Stress drop is a key factor in earthquake mechanics and engineering seismology. However, stress drop calculations based on fault slip can be significantly biased, particularly due to subjectively determined smoothing conditions in the traditional least-square slip inversion. In this study, we introduce a mechanically constrained Bayesian approach to simultaneously invert for fault slip and stress drop based on geodetic measurements. A Gaussian distribution for stress drop is implemented in the inversion as a prior.
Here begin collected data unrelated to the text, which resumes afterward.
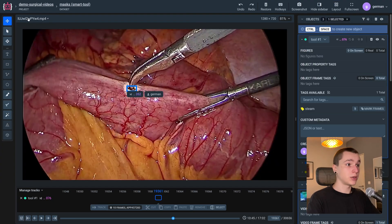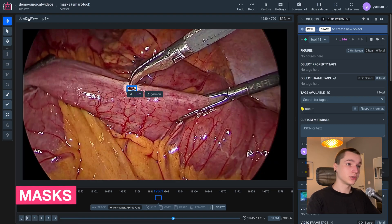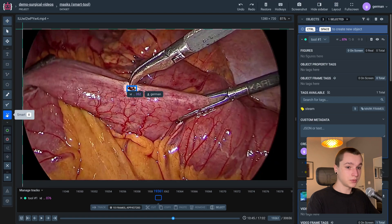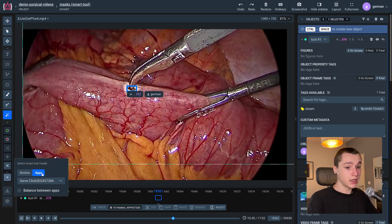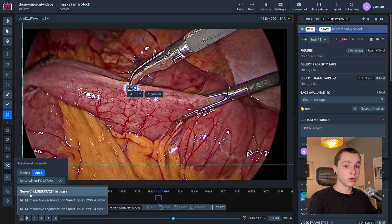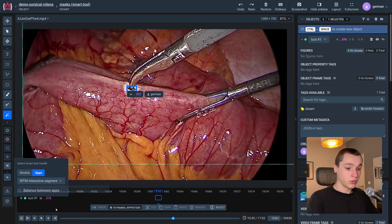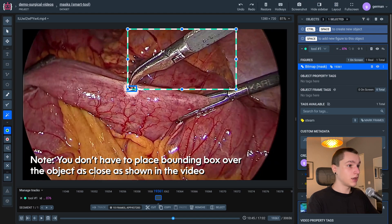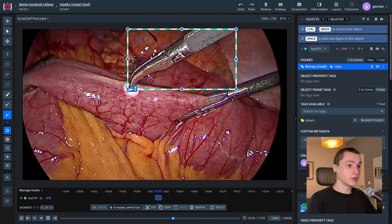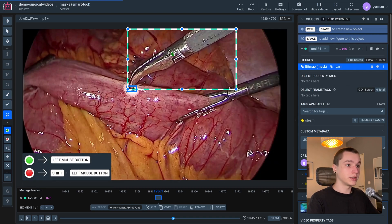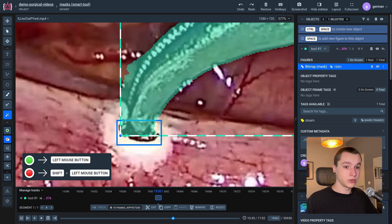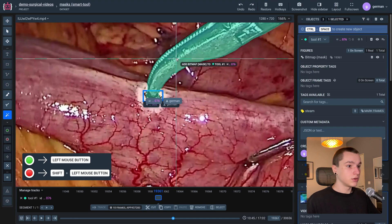Now to the masks. The last annotation type I'm going to showcase today is masks, also known as bitmaps. The algorithm of tracking objects on videos with bitmaps is quite different. First we need to grab the Smart Tool, then go to the AI tab and select the deployed interactive segmentation model. I'll go with Ritm. Then we need to place our object into a bounding box and place positive and negative points. We place a positive point on the object, and if we see artifacts, we place a negative point so the model can predict better.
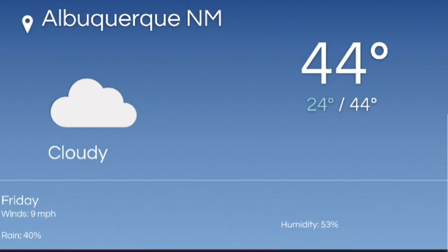Weather. For Friday, the high is 44 and the low is 24, 40% chance of rain, 53% humidity, 9 miles per hour wind.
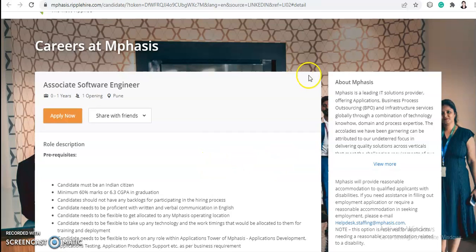Hey everyone, welcome back to Job Car. I'm Shabana, and I'm here with a new video. Today we will talk about a job opportunity from Mphasis.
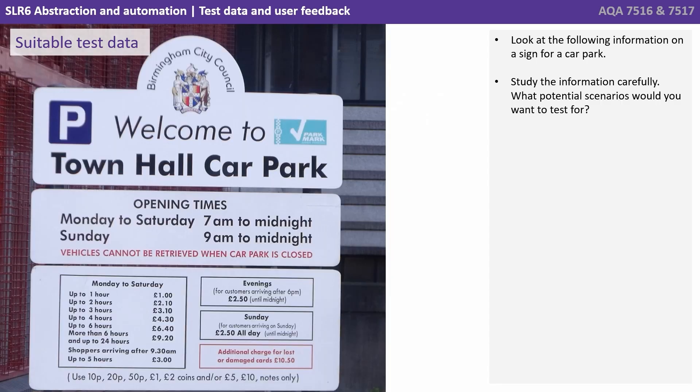So look at the following information on a sign for a car park. Study the information carefully. What potential scenarios would you want to test for?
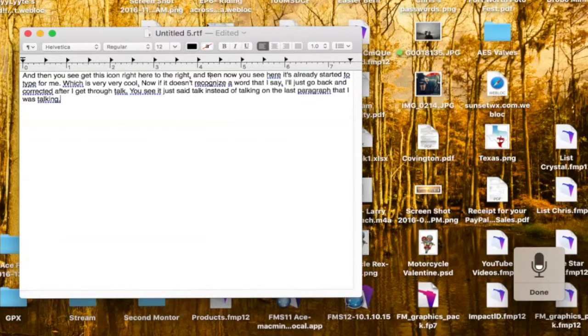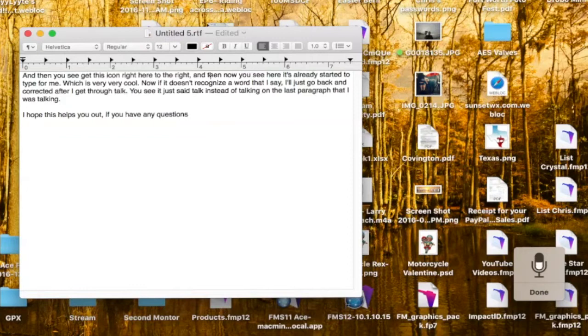New paragraph. I hope this helps you out. If you have any questions, please comment below and I'll answer them the best I can. If you have any questions on how to make your Apple Mac do dictation for free — without buying any other software — this is a great way to do it. I do dictation all the time.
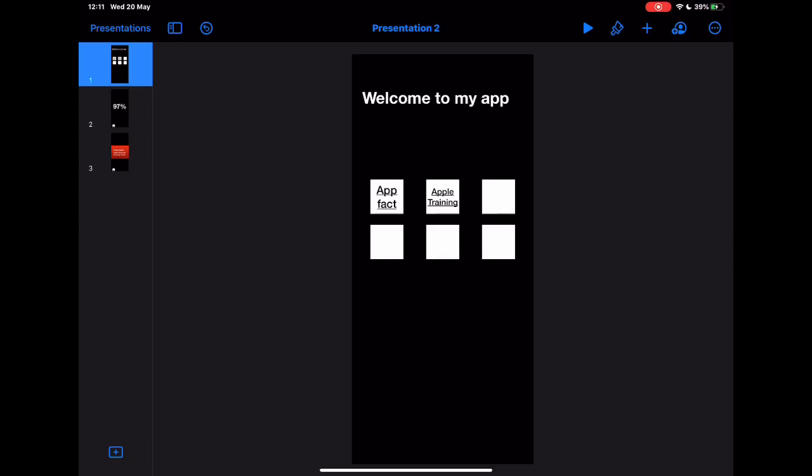So that's it. Really simple how to get started with app prototyping within Keynote.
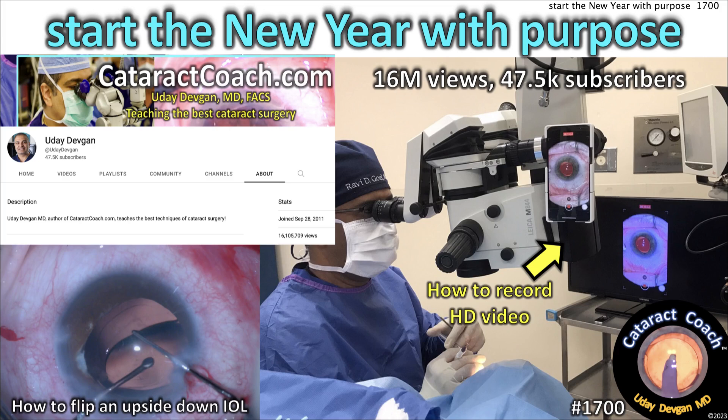CataractCoach.com. Start the new year with purpose, and that means let's learn from each other to become better surgeons. Thank you for all of your support, for helping me garner 47,000 subscribers, 16 million views, and today's video number 1,700 — we've put a new video up every single day for 1,700 days in a row. Later this year is going to be video number 2,000. That's just really a blessing, and I'm so thankful to have your support.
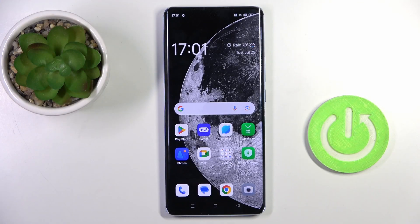Good morning guys. In front of me is the Oppo Reno 10, and let me show you how to add or remove a Google account on this device.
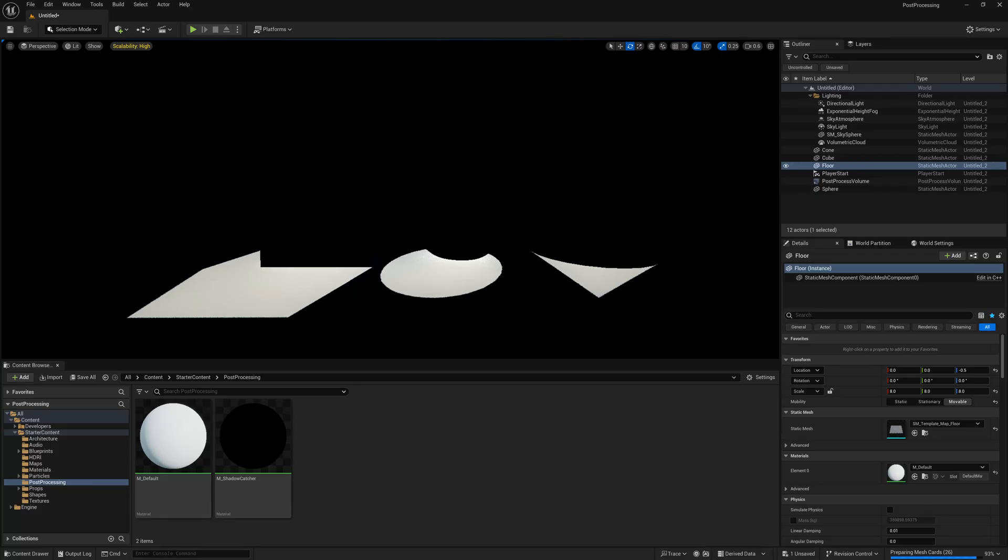In this video we'll take a look at how to create a shadow catcher or shadow pass in Unreal Engine. This may be useful for filmmaking or doing any sort of cinematics where you might be creating something and then wanting to be able to have a mask to adjust the shadows after you've rendered it out.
We have done several synthetic tests to evaluate the stability and reliability of the inversion approach, considering different fault discretization, fault geometries, utilized datasets, and variability of the slip direction, respectively. We finally apply the approach to the 2010 M8.8 Maule earthquake and invert for the coseismic slip and stress drop simultaneously. Two fault geometries from the literature are tested. Our results indicate that the derived slip models based on both fault geometries are similar, showing major slip north of the hypocenter and relatively weak slip in the south, as indicated in the slip models of other studies. The derived mean stress drop is 5-6 MPa, which is close to the stress drop of similar to 7 MPa that was independently determined according to force balance in this region Luttrell et al. (J Geophys Res, 2011). These findings indicate that stress drop values can be consistently extracted from geodetic data.